It’s impossible to create a perfect map, but that hasn’t stopped Nokia from trying. Here, we go inside the company’s neverending drive to create a digital copy of the world.
Apple’s maps are bad. Even Tim Cook knows this and apologized for them. Google’s maps are good, thanks to years of work, massive computing resources, and thousands of people handcorrecting map data.
But there are more than two horses in the race to create an index of the physical world. There’s a third company that’s invested billions of dollars, employs thousands of mapmakers, and even drives around its own version of Google’s mythic “Street View” cars.
That company is Nokia, the still-giant but oft-maligned Finnish mobile phone maker, which acquired the geographic information systems company Navteq back in 2007 for $8 billion.

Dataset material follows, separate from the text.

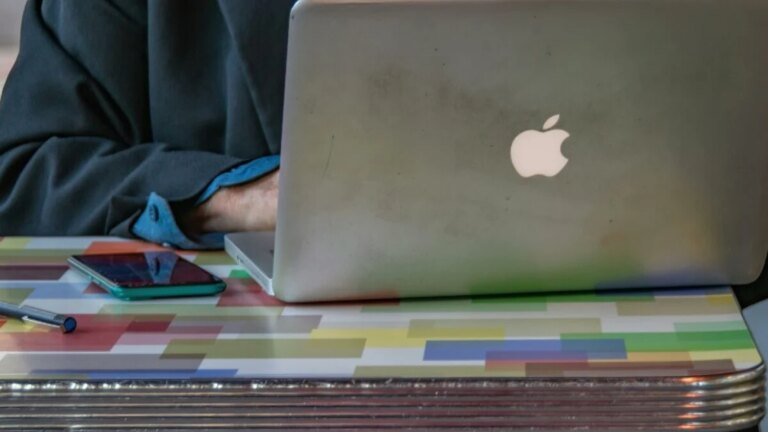 Bring Microsoft’s best productivity tools to your Mac Bring Microsoft’s best productivity tools to your Mac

That’s only a bit less than the Nokia’s current market value of a bit less than $10 billion, which is down 93 percent since 2007. This might be bad news for the company’s shareholders, but if a certain tech giant with a massive interest in mobile content (Microsoft, Apple, Yahoo) were looking to catch up or stay even with Google, the company’s Location & Commerce unit might look like a nice acquisition they could get on the cheap (especially given that the segment lost 1.5 billion euros last year). Microsoft and Yahoo are already thick as thieves with Nokia’s mapping crew, but Apple is the company that needs the most help.
Business considerations aside, I’m fascinated by the process of mapping. What seems like a rather conventional exercise turns out to be the very cutting edge of mixed reality, of translating the human world and logic into databases that computers can use. And the best part is, unlike web crawlers, which were totally automated, indexing the physical world still requires people heading out on the roads and staring at imagery on computers back at the home office.

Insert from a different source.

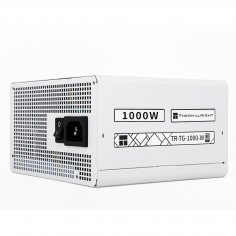 Sursa Thermalright  TR-TG 1000-W 2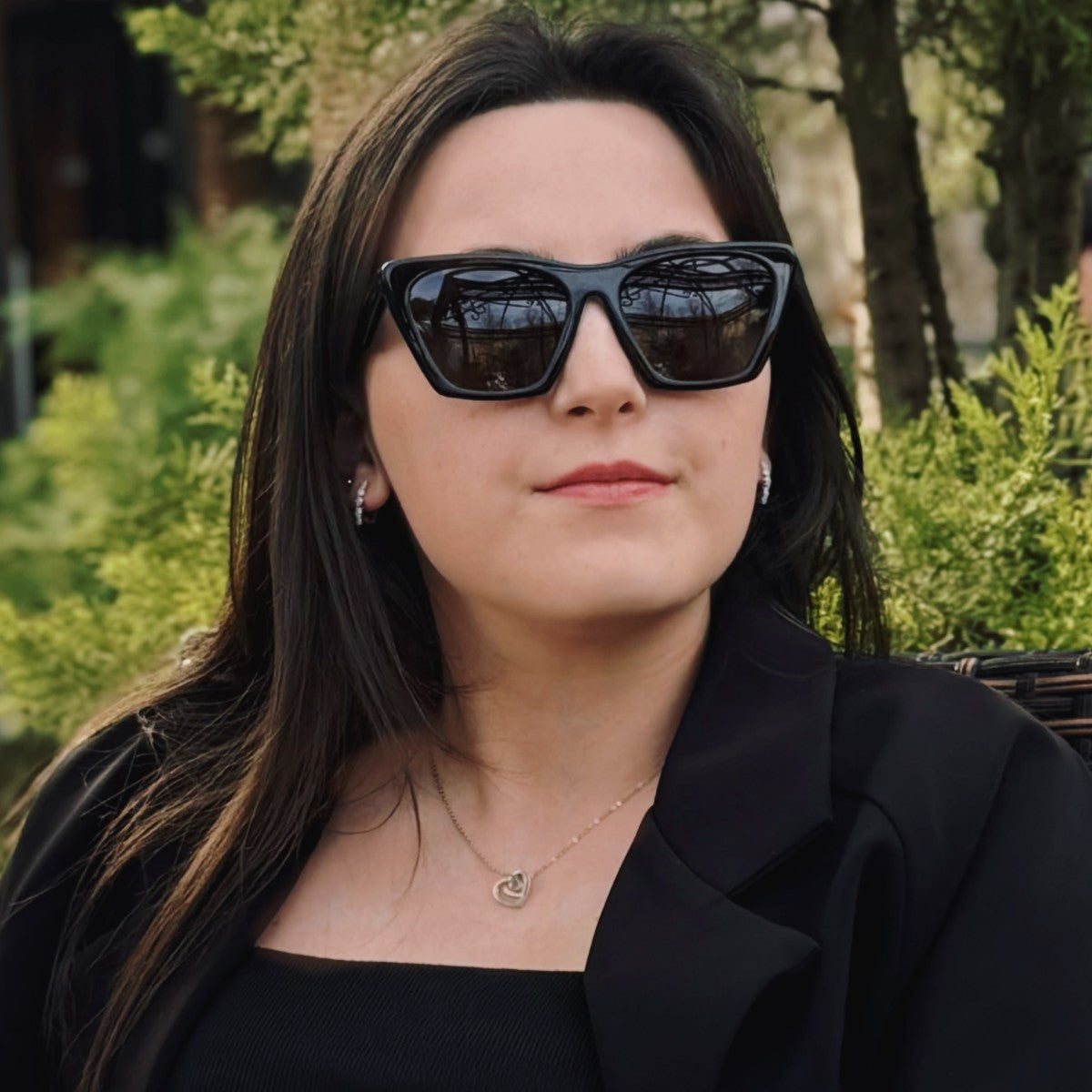 #@irmaandguladze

As I described last month, Google has spent literally tens of thousands of person-hours creating its maps. I argued that no other company could beat Google at this game, which turned out to be my most controversial assertion. People pointed out that while Google’s driven 5 million miles in Street View cars, UPS drives 3.3 billion miles a year. Whoever had access to these other datasets might be in the mapping (cough) driver’s seat.
Well, it turns out that Nokia is the company that receives the GPS data from both FedEx and UPS, the company’s senior VP of Location Content, Cliff Fox, told me.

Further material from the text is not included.